# Help -- Cat bites hair



## mgow (Nov 15, 2003)

My 8-month-old female kitty has an obsession with chewing on my hair. It seems that nothing brings her more bliss than to chew on my hair while purring and kneading my hair. Whenever I pick her up or pat her, she tries to get at it, which I don't let her do. 

She is an otherwise well-adjusted, healthy kitty and gets along well with our other kitty, a male of the same age. They are both spayed/neutered. I have shoulder-length hair and don't use anything strange on it (not even hairspray or gel), and our other cat doesn't have any particular interest in it. 

All I can think is that she thinks it might be her mother and she is looking for food or comfort. Shouldn't she be over this by 8 months old and having lived with us for almost 6 months? She is a sweet and affectionate cat, but I have to lock her out of the bedroom when I sleep because she keeps me awake all night kneading and purring and chewing. How can I get her to stop?


----------



## kitkat (Sep 22, 2003)

Have you tried firmly saying "NO" everytime she does it? Sometimes even spraying them with water will get them to realize chewing hair = water spraying. I heard sometimes if they are taken away from their mommy too soon they can sometimes behave in ways where they are still acting like a baby when they are older. 

One of my cats love playing with my hair when its swinging around b/c she probably thinks its moving curtains or something but then again, I have long hair and she only does this when I brush it or something. 

I heard they have a bitter apple spray to repel cats from chewing wires and such but hey I wouldnt recommend putting that stuff in your hair just so your cat will stop playing with it! It may work though but not good for your hair I think. Just try disciplining them with a firm "NO" and water squirts, at that age they are still growing and learning :wink:


----------



## Aonir (Aug 18, 2003)

Several of my cats LOVE my hair. It's to my mid-back. They really like it when it's wet to. Like you, I don't put anything in my hair. I just pull the kits away and hide my head, lol


----------



## Wayne (Feb 1, 2003)

Cats playing in your hair is usually a kitten thing. I had one who would do this until I sprayed him a couple of times with a water sprayer. Sometimes when you get up in the morning your pet may not be as affectionate after being sprayed in the night for nursing in your hair.

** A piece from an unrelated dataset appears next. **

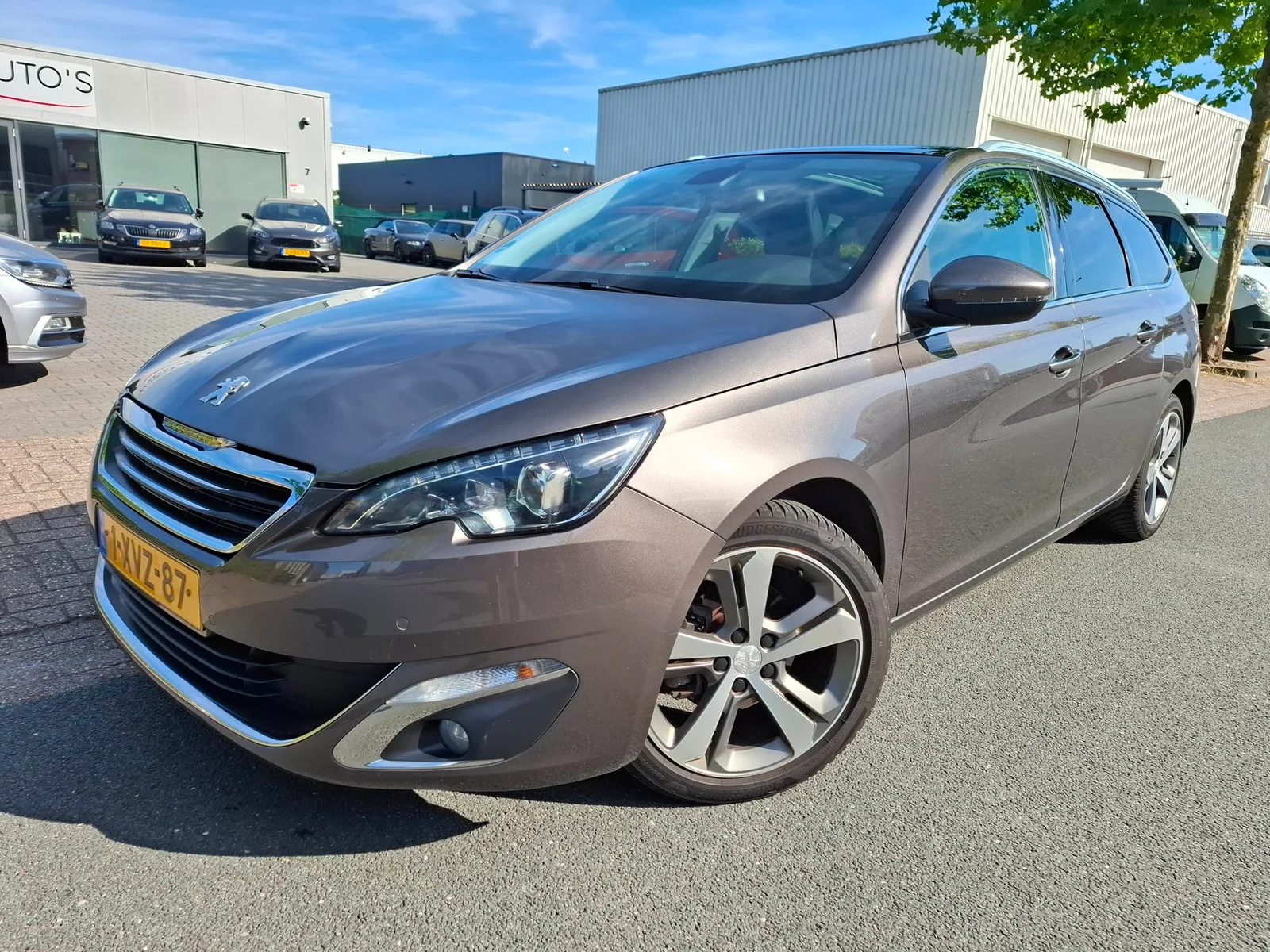 Peugeot 308 (2014) — foto 1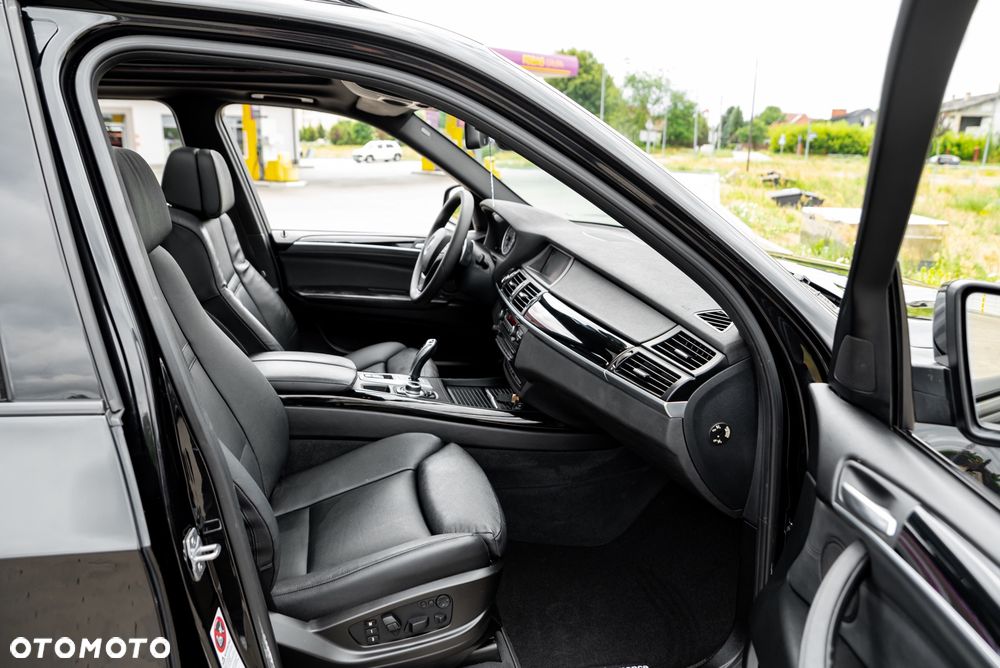 BMW X5 xDrive40d - 23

However, if you feed him something that he really likes, often the ill-feelings go away very quickly.


----------



## stu (Jul 15, 2003)

My cat Jazz does that most mornings.
She comes in at about 5am (!) or later, jumps on to the pillow and licks my hair a bit, then takes a bite!
The first time it happened, I almost had a heart attack, but if I brush her away a couple of times, she gets the message.
But if it is a problem, I would tap her (not too hard) on the nose and say "NO!", or squirt her with water (but not in the face).


----------



## arclyte (Nov 20, 2003)

*kitties in my hair!*

my two kittens seem to like my hair too, but not quite in the same way. my hair is getting pretty long now (for me at least) and whenever it hangs down they'll try to attack it. it's scary sometimes, i have this cute placid little kitty sitting in my lap and a lock of hair will shift and they look up at me with that devilish "about to prounce" look and launch at my head with their claws out. i haven't had them miss yet but it's a bit unnerving to have kitty claws flying at your face. otherwise it's pretty cute though, they just scratch at my hair and chew on it a bit. i usually just brush them off or put a hat on. i just blame it on them being kittens because they attack anything that moves, and even most things that don't, at this point. they haven't played with my hair when i'm laying down, though, just when it's hanging down like so many piece of string, just calling to them...


----------



## JenUrich (May 9, 2003)

How neat, I always wondered if this happened to other people! One of my cats LOVES to lay in my hair when I'm sleeping or in bed. Actually, if I'm laying down ANYWHERE, he'll come over and lay next to me, put his face in my hair and just lay there for awhile. It's cute, except when he starts kneading and tangling my hair, that's where I draw the line. Ow.


----------